“Weddings are fake, funerals are real,” some say. Real or fake, funerals can be beautiful, and I went to one in Rome. It was a reunion with the friend who passed away and the city I know so well but had not visited in years. I found the city to be the same, eternal, as the cliché goes. As always, it was hot too soon in the season. Like New York, Rome exists in a cauldron, several degrees hotter than any place around it and as always, the city balanced ancient grandeur with popular spirit.
I was reminded of how unpretentious Romans are when chatting with an older man, casual in a short-sleeved shirt, who lingered at the end of the funeral. He told me about his years-long research on economic inequality in Italy, focused on the needs of rural communities, which he carried out himself driving around the country.

Only when I asked about his previous “government role” as an economist did he modestly reveal he had been a cabinet minister in the Ciampi and Monti administrations. He soberly offered, based on his findings, that there are “a lot of parallels between Italy and the U.S.” and we were “on track to re-elect Trump.”
You meet a minister, and then you’re at Rome’s sumptuous Palazzo Barberini, eating in the converted greenhouse and ogling the surrounding landscaped terraces. A friend of a friend mentions location scouting in the Balkans with a big-name American director, and that seems fitting here. Later we’re at Gracchi, a neighborhood gelateria where the sight of people standing around with their scooter helmets means they have come across town for this ice cream. As is the Roman and Italian way, everyone eats outside, deep in chatter or one raucous conversation or another. Communion may be dead in the church, I thought, but it’s alive here.
Just as the funeral had created a pretext for traveling to Rome, it followed that the weekend should be spent at the beach. We drove to the Argentario peninsula, marveling at uninterrupted pine woods bordered by the sea. As in other rarefied vacation spots, the only intervention has been from wealthy conservationists, specifically the heiress Susanna Agnelli who had made it her mission to protect the Argentario during a spell in local government here. I remember her photo beside the column: of a woman simply dressed and unadorned, whose uniformly white hair was pulled back in a bun.
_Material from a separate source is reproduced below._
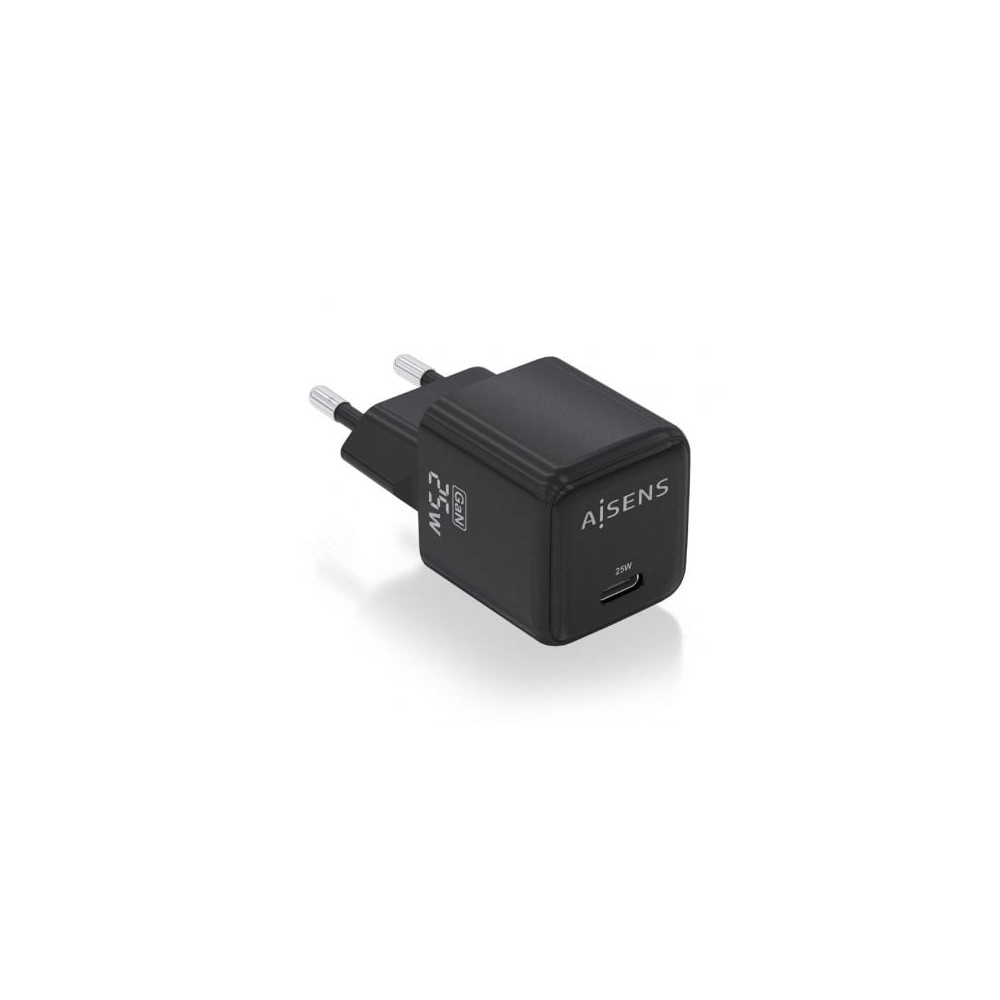 Cargador de Pared GaN Aisens ASCH-25W1P013-BK/ 1xUSB Tipo-C/ 25W | Cargadores hasta 45W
The infinity pool at the genteel Torre di Cala Piccola Boutique Hotel is a guest favorite. It descends on a slope from a fifteenth-century Saracen tower, and below that, a lawn where tuxedoed waiters serve drinks with small, precise movements, their bodies angled like compasses against the sun. It is where we meet Lisa and George, a couple from the UK who traveled here after seeing the pool on Instagram. They like the quiet – there is a distinct hush about the property, a reverent awe, maybe, for the sweeping views of the Tyrrhenian Sea and island of Giglio beyond – but they wished the hotel’s critically-acclaimed restaurant had “more pizza and pasta” and “less seafood.” I make a passing reference to climate change and this triggers an enumeration of local grievances. Wind turbines, the assault on their woodstoves, the corrupt town council’s corrupt organic gardens, and is it man-made climate change anyway? I wondered how one could complain in this sublime place and what the metrics of economic disaffection would reveal about Lisa and George.

Like the rest of Argentario, the town of Orbetello is sheltered from the crowds. It’s treated as utilitarian; the single train station is here, the main post office too. Dmitri, a Moldovan staff at our hotel who has lived in the area for almost two decades sniffed when we asked if it was nice. But this fails to acknowledge the simple beauty of the old town, its charming pedestrian streets. The absence of ornamental splendor is all the better for appreciating the rhythm of the place. Evening conversations echo as in dreams. Locals accompanied by their many dogs take their evening walks and greet one another.
We stop and eat dinner at a restaurant straightforwardly called “L’Osteria,” affording great people-and-animal watching outside. There was no pizza on the menu, though there was pappa al pomodoro, the famous Tuscan tomato stew. “It’s food for peasants,” our waiter conceded, “though we think we do it well.” He was true to his word. Food for peasants and food for everyday kings.